Let’s start with the packaging.  I love this palette – it’s the same size as the Pastel Goth, so it’s a nice slimline palette with 8 pans.  This will store easily for most people (a detail that KVD often completely ignores with their palettes – I’m looking at you Serpentina and Saint & Sinner palettes!) and the packaging has a great closeup shot of Divine’s striking blue eyes and signature makeup look.  I would have loved to have seen the extreme makeup from Pink Flamingos, but this fits better on this size palette.  That liner on his eyes is bananas, and it’s a bit of a missed opportunity that they didn’t include at least one eyeliner product in this launch.

Shall we get the negative out of the way right away?  Some of these shades are basic as fuck and have no business in this collection.  Hard Magic – who the fuck needs yet ANOTHER matte black in their collection?  Abso-fucking-lutely no one, that’s who.  Don’t get me wrong, this is a good matte black, and it blends out really nicely, but it’s just so overdone and everyone has a million matte blacks already.

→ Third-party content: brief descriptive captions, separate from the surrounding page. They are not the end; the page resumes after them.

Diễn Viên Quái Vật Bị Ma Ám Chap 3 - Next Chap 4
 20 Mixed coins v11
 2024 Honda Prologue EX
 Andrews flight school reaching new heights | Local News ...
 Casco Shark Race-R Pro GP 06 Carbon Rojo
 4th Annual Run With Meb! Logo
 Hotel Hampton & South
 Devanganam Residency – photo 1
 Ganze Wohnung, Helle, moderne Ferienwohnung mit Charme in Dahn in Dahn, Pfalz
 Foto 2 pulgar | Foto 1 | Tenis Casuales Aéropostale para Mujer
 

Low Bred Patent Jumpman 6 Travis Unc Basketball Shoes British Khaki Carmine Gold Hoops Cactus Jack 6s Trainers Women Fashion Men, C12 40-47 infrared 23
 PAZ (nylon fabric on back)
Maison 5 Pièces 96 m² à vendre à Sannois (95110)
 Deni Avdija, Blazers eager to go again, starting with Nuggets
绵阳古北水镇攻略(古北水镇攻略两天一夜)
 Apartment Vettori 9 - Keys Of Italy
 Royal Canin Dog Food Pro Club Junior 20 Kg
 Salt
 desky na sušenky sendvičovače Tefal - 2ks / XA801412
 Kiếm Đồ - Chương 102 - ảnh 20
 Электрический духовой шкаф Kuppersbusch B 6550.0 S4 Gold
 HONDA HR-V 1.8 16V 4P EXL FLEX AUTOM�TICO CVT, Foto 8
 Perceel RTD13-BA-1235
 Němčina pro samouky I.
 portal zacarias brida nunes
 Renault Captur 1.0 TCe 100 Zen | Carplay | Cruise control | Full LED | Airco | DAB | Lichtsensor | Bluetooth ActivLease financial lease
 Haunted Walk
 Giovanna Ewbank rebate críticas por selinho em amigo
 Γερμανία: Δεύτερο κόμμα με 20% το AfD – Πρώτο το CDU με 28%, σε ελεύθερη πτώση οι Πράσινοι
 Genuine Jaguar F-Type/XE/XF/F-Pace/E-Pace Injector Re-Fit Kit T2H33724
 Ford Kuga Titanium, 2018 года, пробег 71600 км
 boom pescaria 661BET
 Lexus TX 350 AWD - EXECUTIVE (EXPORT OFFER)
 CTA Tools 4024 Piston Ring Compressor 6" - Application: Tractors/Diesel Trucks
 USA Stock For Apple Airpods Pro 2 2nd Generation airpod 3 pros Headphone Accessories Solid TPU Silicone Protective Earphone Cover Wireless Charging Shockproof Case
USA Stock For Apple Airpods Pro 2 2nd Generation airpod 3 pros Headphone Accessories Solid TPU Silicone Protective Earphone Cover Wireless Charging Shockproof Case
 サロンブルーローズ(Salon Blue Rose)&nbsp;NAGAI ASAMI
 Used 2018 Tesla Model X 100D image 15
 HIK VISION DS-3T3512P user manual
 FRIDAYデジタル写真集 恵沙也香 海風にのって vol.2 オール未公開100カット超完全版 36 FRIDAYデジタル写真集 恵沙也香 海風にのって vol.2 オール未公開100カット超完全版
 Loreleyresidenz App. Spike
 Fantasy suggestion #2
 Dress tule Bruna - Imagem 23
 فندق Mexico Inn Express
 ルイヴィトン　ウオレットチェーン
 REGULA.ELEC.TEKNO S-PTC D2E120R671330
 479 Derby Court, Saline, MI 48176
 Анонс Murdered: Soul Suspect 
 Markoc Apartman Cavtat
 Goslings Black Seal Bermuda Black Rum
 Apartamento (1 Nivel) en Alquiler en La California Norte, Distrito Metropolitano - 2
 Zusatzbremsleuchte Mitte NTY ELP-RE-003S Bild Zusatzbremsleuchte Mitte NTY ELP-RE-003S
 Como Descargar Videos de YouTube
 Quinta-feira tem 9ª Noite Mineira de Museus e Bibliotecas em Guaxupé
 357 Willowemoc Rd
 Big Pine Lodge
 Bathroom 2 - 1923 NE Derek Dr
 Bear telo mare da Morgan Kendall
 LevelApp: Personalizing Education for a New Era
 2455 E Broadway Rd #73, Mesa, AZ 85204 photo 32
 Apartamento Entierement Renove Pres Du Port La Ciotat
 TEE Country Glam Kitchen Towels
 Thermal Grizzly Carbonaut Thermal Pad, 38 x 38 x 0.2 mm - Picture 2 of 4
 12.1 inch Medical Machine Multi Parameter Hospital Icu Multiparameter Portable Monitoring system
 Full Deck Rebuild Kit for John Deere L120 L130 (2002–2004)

Same with Female Trouble – why the hell do we need a matte white in this collection?  If you’re only going to do 8 shadows, do 8 crazy, boundary-pushing shades in weird colorful combinations like Divine himself.  I would have actually liked the green shade here (which is stunning, by the way) to be named Female Trouble and have a bright neon pink called Pink Flamingos, and put them right next to each other.  That sort of dissonance is exactly the kind of thing Divine would have been all over.

I also originally thought that Babs and Baltimore needed to get the boot, but that changed when I swatched them – they have so much more personality on the skin than they do in the pan!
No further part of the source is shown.